* [Data for this task]

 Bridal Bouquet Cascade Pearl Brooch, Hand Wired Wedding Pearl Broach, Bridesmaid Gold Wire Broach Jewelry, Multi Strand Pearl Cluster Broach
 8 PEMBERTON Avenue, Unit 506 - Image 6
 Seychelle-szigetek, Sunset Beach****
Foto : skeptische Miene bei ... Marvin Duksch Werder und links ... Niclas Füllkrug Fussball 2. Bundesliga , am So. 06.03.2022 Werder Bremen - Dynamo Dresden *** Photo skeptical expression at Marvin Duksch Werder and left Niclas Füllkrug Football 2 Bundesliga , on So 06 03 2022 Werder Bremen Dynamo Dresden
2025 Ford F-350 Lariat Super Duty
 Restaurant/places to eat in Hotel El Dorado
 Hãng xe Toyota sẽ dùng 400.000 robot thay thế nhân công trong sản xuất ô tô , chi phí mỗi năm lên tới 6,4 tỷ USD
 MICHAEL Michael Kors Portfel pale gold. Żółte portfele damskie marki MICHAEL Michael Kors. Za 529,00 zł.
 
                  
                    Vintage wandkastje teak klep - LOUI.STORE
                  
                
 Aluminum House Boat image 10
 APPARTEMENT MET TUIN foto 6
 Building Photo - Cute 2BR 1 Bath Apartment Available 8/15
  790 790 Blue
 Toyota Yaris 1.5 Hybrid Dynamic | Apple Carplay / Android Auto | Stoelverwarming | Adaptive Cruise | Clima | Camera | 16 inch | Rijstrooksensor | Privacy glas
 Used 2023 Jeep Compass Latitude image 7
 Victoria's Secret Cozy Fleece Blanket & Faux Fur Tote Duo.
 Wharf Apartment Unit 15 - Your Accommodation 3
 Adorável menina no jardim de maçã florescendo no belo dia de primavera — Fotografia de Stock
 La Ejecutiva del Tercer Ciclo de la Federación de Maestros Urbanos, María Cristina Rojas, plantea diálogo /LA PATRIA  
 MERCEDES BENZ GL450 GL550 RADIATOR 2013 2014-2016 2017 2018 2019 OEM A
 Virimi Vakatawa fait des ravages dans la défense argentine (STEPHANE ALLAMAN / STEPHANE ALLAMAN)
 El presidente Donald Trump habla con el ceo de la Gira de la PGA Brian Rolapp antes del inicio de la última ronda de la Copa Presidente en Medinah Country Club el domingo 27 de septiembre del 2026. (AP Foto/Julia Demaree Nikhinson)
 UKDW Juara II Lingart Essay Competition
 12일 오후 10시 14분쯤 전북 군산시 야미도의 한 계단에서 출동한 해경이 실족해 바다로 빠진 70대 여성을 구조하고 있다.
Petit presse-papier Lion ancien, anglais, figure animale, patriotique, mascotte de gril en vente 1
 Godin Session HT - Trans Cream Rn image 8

* [Work item] The records above should be duplicated in full, exactly as given.

* [Result of the task]
 Bridal Bouquet Cascade Pearl Brooch, Hand Wired Wedding Pearl Broach, Bridesmaid Gold Wire Broach Jewelry, Multi Strand Pearl Cluster Broach
 8 PEMBERTON Avenue, Unit 506 - Image 6
 Seychelle-szigetek, Sunset Beach****
Foto : skeptische Miene bei ... Marvin Duksch Werder und links ... Niclas Füllkrug Fussball 2. Bundesliga , am So. 06.03.2022 Werder Bremen - Dynamo Dresden *** Photo skeptical expression at Marvin Duksch Werder and left Niclas Füllkrug Football 2 Bundesliga , on So 06 03 2022 Werder Bremen Dynamo Dresden
2025 Ford F-350 Lariat Super Duty
 Restaurant/places to eat in Hotel El Dorado
 Hãng xe Toyota sẽ dùng 400.000 robot thay thế nhân công trong sản xuất ô tô , chi phí mỗi năm lên tới 6,4 tỷ USD
 MICHAEL Michael Kors Portfel pale gold. Żółte portfele damskie marki MICHAEL Michael Kors. Za 529,00 zł.
 
                  
                    Vintage wandkastje teak klep - LOUI.STORE
                  
                
 Aluminum House Boat image 10
 APPARTEMENT MET TUIN foto 6
 Building Photo - Cute 2BR 1 Bath Apartment Available 8/15
  790 790 Blue
 Toyota Yaris 1.5 Hybrid Dynamic | Apple Carplay / Android Auto | Stoelverwarming | Adaptive Cruise | Clima | Camera | 16 inch | Rijstrooksensor | Privacy glas
 Used 2023 Jeep Compass Latitude image 7
 Victoria's Secret Cozy Fleece Blanket & Faux Fur Tote Duo.
 Wharf Apartment Unit 15 - Your Accommodation 3
 Adorável menina no jardim de maçã florescendo no belo dia de primavera — Fotografia de Stock
 La Ejecutiva del Tercer Ciclo de la Federación de Maestros Urbanos, María Cristina Rojas, plantea diálogo /LA PATRIA  
 MERCEDES BENZ GL450 GL550 RADIATOR 2013 2014-2016 2017 2018 2019 OEM A
 Virimi Vakatawa fait des ravages dans la défense argentine (STEPHANE ALLAMAN / STEPHANE ALLAMAN)
 El presidente Donald Trump habla con el ceo de la Gira de la PGA Brian Rolapp antes del inicio de la última ronda de la Copa Presidente en Medinah Country Club el domingo 27 de septiembre del 2026. (AP Foto/Julia Demaree Nikhinson)
 UKDW Juara II Lingart Essay Competition
 12일 오후 10시 14분쯤 전북 군산시 야미도의 한 계단에서 출동한 해경이 실족해 바다로 빠진 70대 여성을 구조하고 있다.
Petit presse-papier Lion ancien, anglais, figure animale, patriotique, mascotte de gril en vente 1
 Godin Session HT - Trans Cream Rn image 8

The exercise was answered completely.